_TASK OBJECTIVE:_ From the data underneath, reproduce exactly the stretch that begins at the line with "Toyota C-HR Geneva side dynamic" and ends after the line with "Shower with bathtub".

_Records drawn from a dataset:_
---+---
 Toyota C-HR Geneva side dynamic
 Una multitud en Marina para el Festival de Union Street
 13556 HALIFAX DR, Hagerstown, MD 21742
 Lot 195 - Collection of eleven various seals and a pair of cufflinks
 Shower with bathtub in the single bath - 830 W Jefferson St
---+---
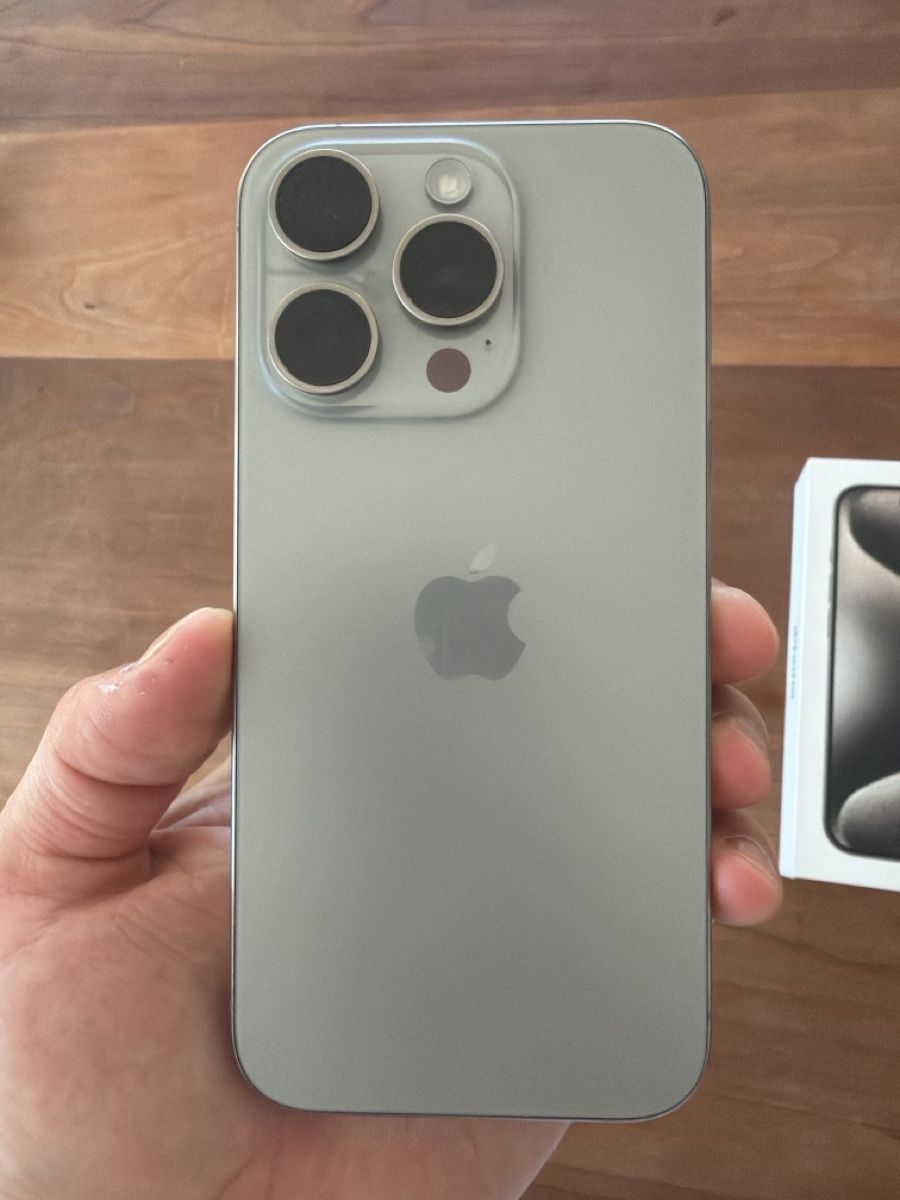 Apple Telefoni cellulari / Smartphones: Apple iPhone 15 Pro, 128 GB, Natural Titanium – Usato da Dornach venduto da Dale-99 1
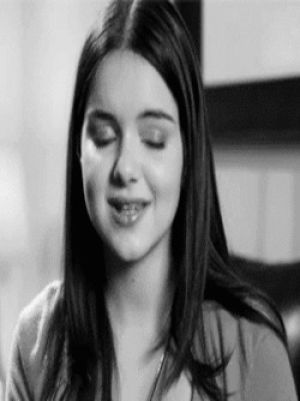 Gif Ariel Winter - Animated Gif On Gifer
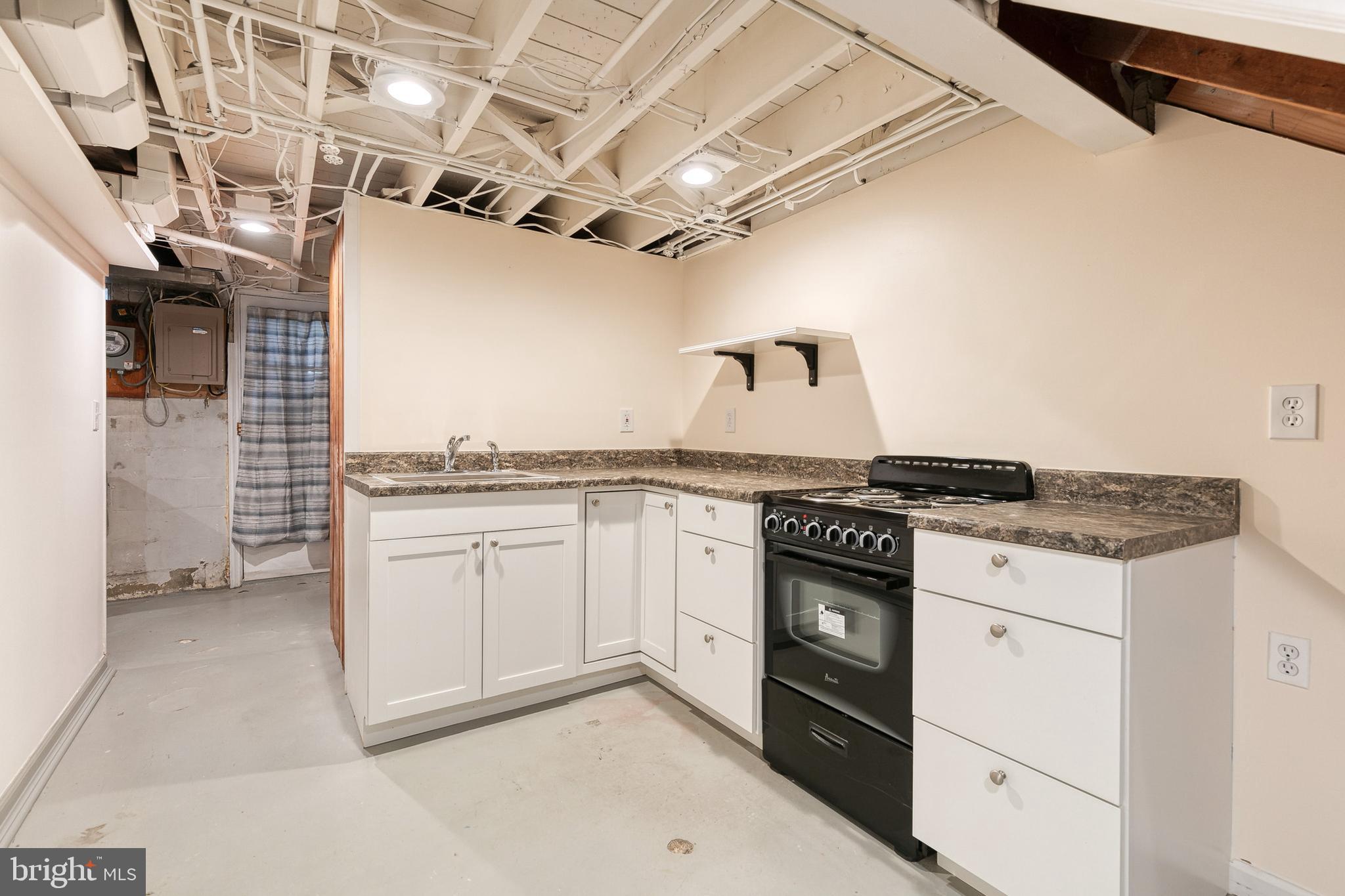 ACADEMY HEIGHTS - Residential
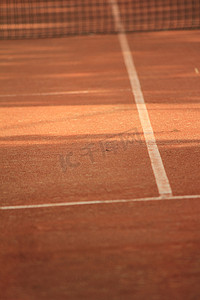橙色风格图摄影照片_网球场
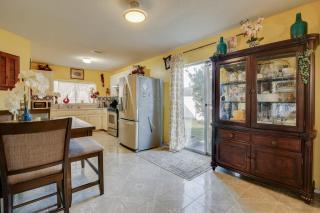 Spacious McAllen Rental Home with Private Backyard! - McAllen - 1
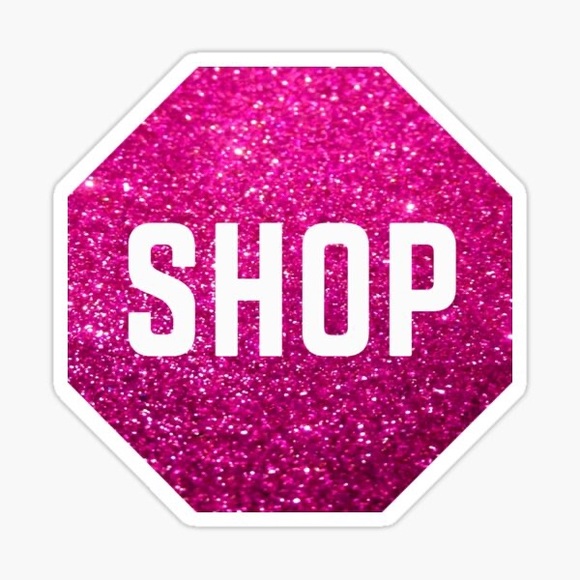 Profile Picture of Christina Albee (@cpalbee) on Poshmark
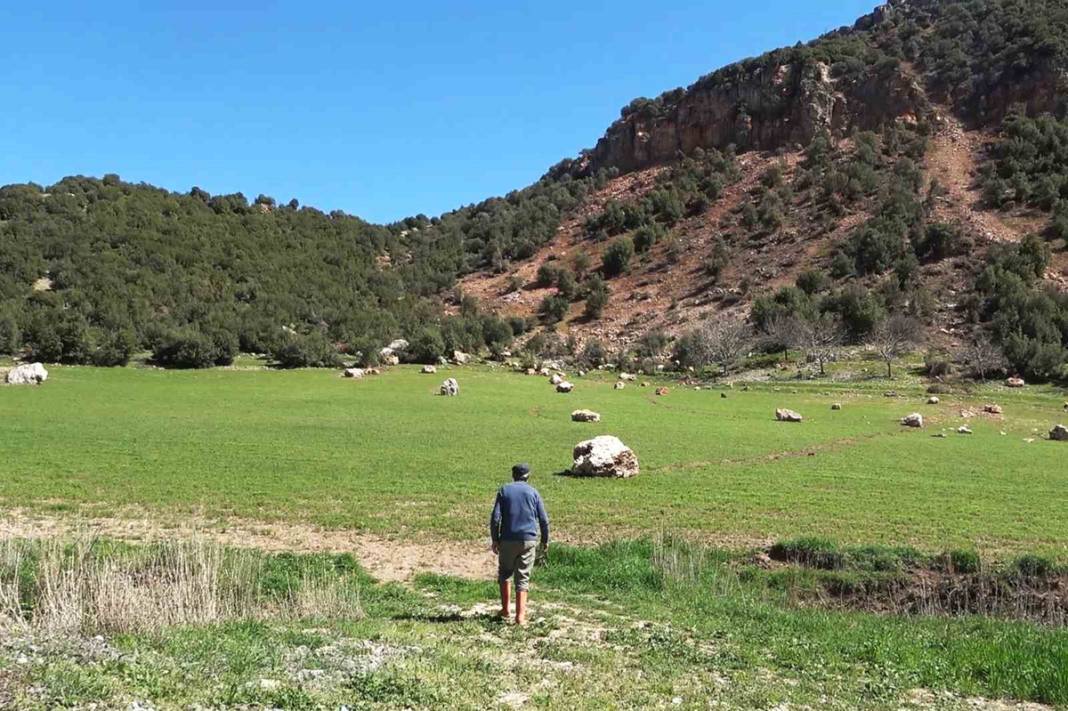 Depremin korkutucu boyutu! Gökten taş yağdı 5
---+---
_SOLUTION TO THIS PROBLEM:_
 Toyota C-HR Geneva side dynamic
 Una multitud en Marina para el Festival de Union Street
 13556 HALIFAX DR, Hagerstown, MD 21742
 Lot 195 - Collection of eleven various seals and a pair of cufflinks
 Shower with bathtub in the single bath - 830 W Jefferson St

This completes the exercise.